Exercise description:
Once the pictures have been excluded, set down each remaining entry word for word.

═══ Task inputs ═══

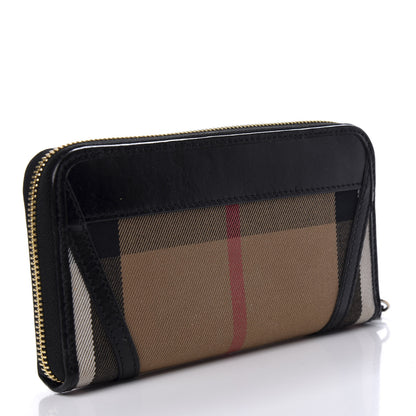 Burberry House Check Bridle Calfskin Ziggy Zip Around Wallet Black 3 of 7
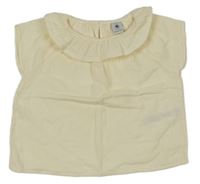Smetanové mušelínové tričko s límečkem Petit Bateau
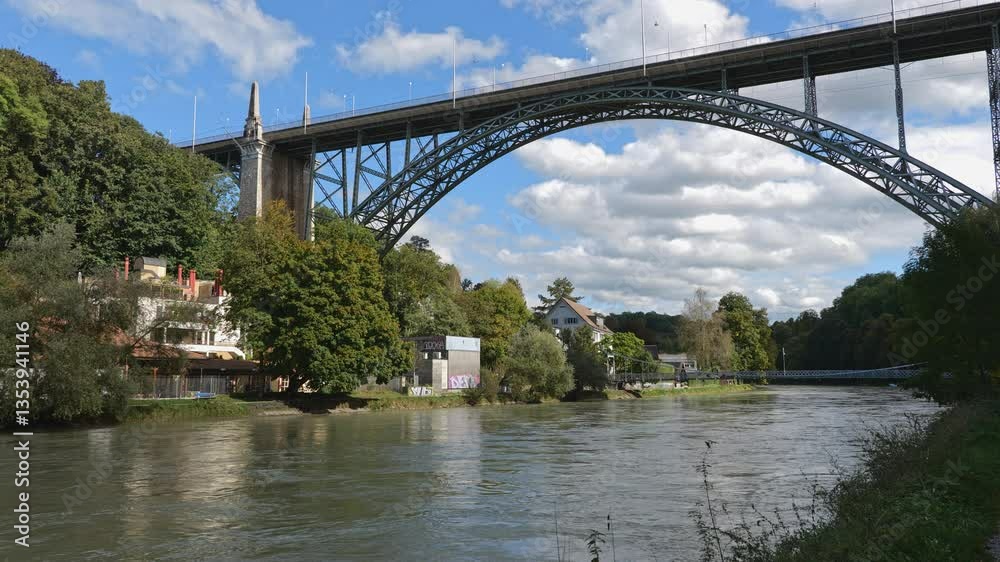 Aare River valley with Kornhaus Bridge - Kornhausbrucke from 1898 in Bern, Switzerland.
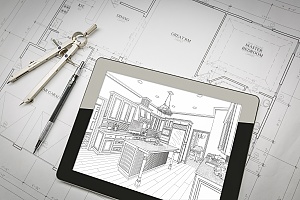 Computer,Tablet,Showing,Kitchen,Illustration,Sitting,On,House,Plans,With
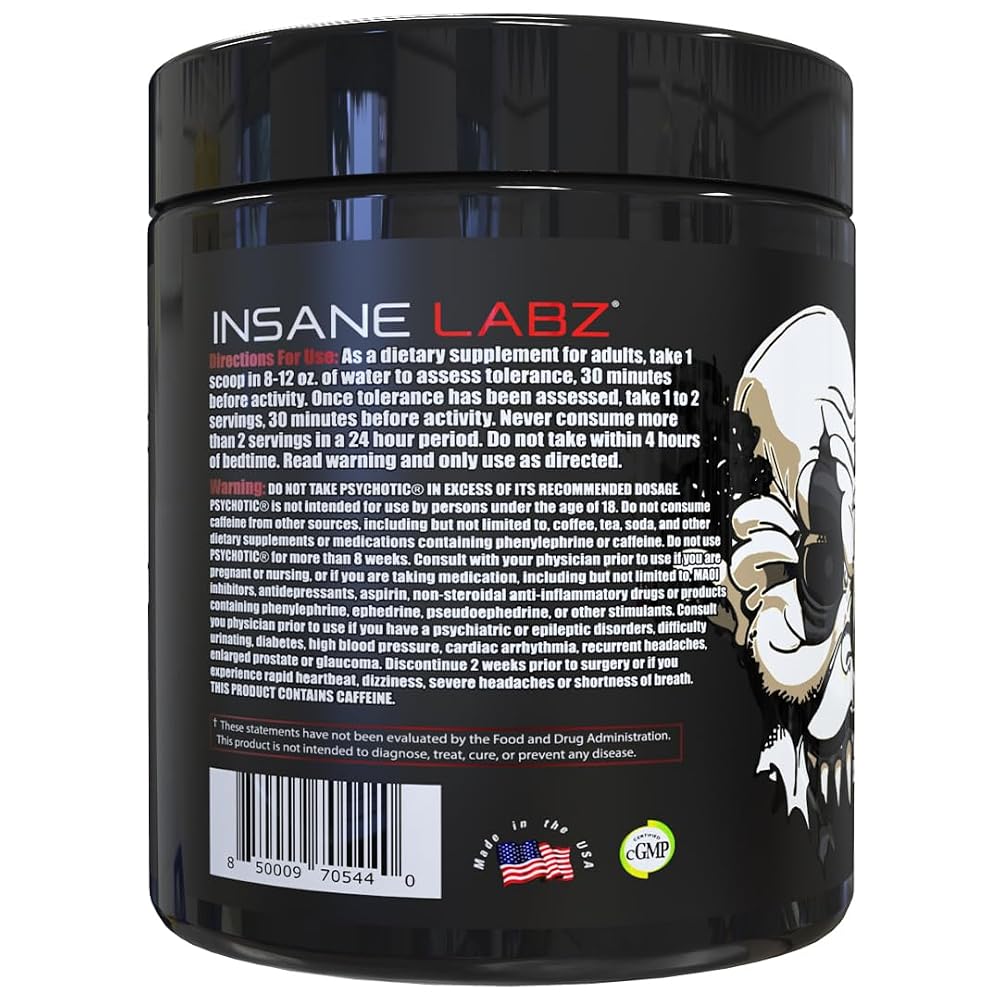 Insane Labz Psychotic Black Edition Mid Stimulant Pre Workout Powder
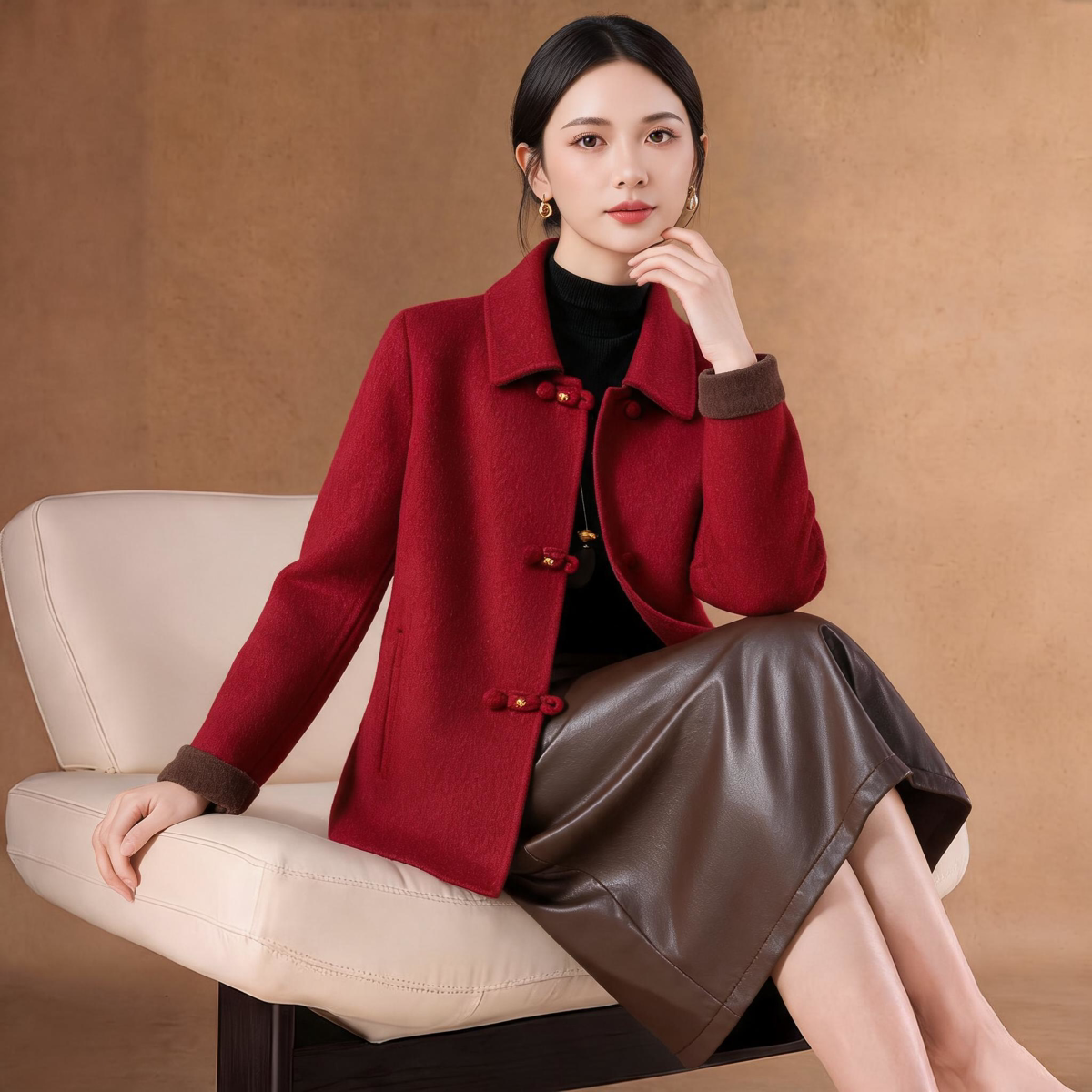 短款双面呢女2026秋冬新款国风显瘦气质百搭妈妈小个子毛呢外套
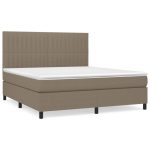 Pat box spring cu saltea, gri taupe, 160×200 cm material textil
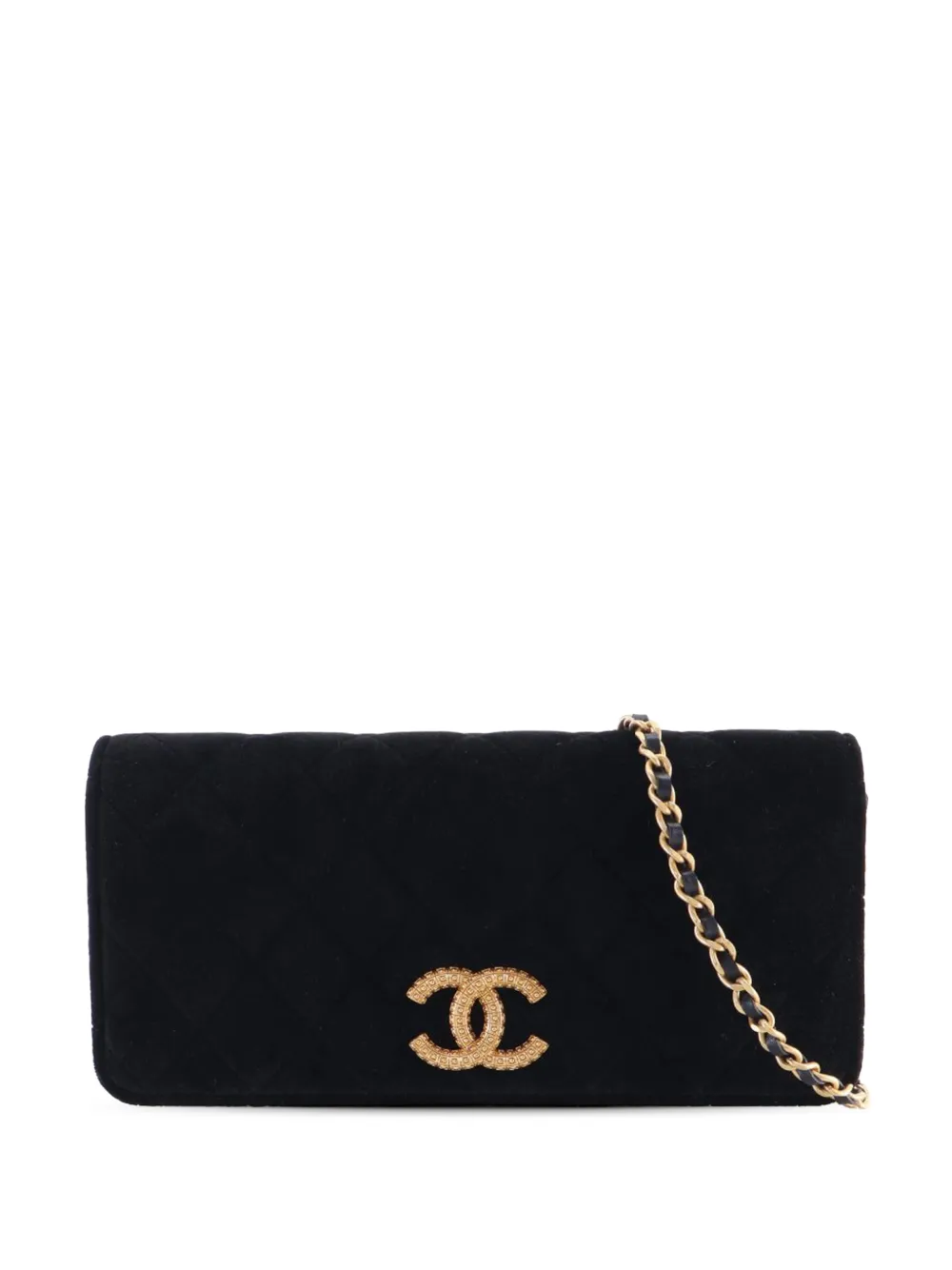 CHANEL Pre-Owned Borsa a spalla CC East West in velluto trapuntato con catena 2021-2025 - Nero
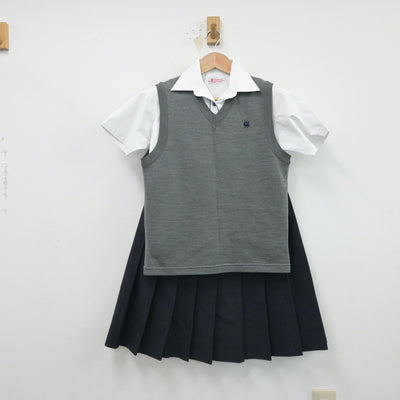 【中古】大分県 日出総合高等学校 女子制服 4点（シャツ・ニットベスト・スカート）sf016264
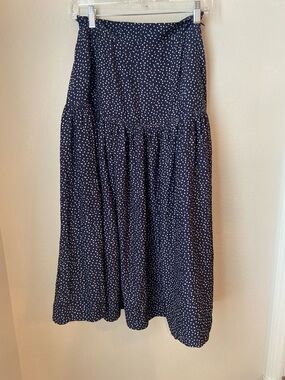 Koch Navy Blue Polka Dot Midi Skirt Tiered Ruffle Hem Made in USA M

═══

Response below:
 Burberry House Check Bridle Calfskin Ziggy Zip Around Wallet Black 3 of 7
Smetanové mušelínové tričko s límečkem Petit Bateau
 Aare River valley with Kornhaus Bridge - Kornhausbrucke from 1898 in Bern, Switzerland.
 Computer,Tablet,Showing,Kitchen,Illustration,Sitting,On,House,Plans,With
 Insane Labz Psychotic Black Edition Mid Stimulant Pre Workout Powder
 短款双面呢女2026秋冬新款国风显瘦气质百搭妈妈小个子毛呢外套
 Pat box spring cu saltea, gri taupe, 160×200 cm material textil
 CHANEL Pre-Owned Borsa a spalla CC East West in velluto trapuntato con catena 2021-2025 - Nero
 【中古】大分県 日出総合高等学校 女子制服 4点（シャツ・ニットベスト・スカート）sf016264
 Koch Navy Blue Polka Dot Midi Skirt Tiered Ruffle Hem Made in USA M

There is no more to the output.